**What needs to be done:**
Restate, word for word, the run of lines that starts at the line containing "隅田川　勝鬨橋　高層ビル © Route16" and ends with the final line of the listing. Leave pictures out.

**Stored data:**
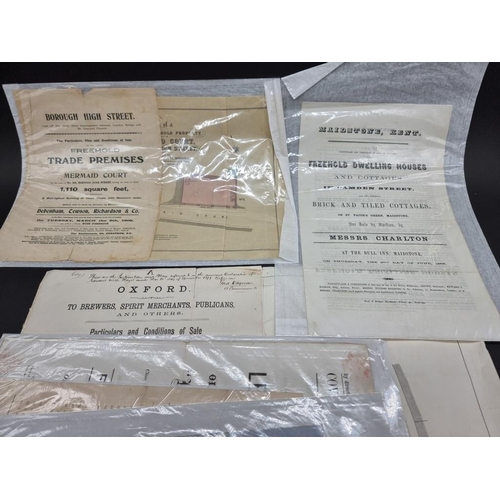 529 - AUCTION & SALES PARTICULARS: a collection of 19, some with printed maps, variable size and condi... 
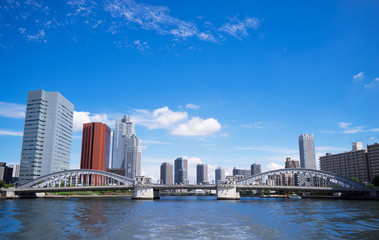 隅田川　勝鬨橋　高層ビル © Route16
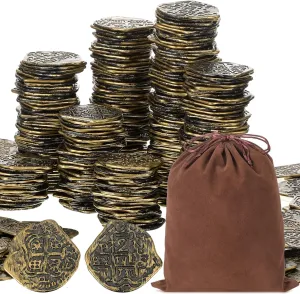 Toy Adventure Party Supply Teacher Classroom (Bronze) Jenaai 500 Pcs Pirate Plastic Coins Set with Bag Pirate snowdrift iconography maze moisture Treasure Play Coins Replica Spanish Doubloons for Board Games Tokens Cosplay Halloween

**Solution:**
 隅田川　勝鬨橋　高層ビル © Route16
 Toy Adventure Party Supply Teacher Classroom (Bronze) Jenaai 500 Pcs Pirate Plastic Coins Set with Bag Pirate snowdrift iconography maze moisture Treasure Play Coins Replica Spanish Doubloons for Board Games Tokens Cosplay Halloween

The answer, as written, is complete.